* _Data below_

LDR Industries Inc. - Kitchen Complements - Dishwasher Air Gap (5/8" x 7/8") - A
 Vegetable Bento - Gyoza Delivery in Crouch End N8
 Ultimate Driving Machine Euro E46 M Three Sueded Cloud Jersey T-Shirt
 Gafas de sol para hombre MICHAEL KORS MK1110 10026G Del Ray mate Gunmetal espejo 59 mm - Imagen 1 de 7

* _Activity_
Transcribe the material exactly as it reads.

* _Expected answer_
LDR Industries Inc. - Kitchen Complements - Dishwasher Air Gap (5/8" x 7/8") - A
 Vegetable Bento - Gyoza Delivery in Crouch End N8
 Ultimate Driving Machine Euro E46 M Three Sueded Cloud Jersey T-Shirt
 Gafas de sol para hombre MICHAEL KORS MK1110 10026G Del Ray mate Gunmetal espejo 59 mm - Imagen 1 de 7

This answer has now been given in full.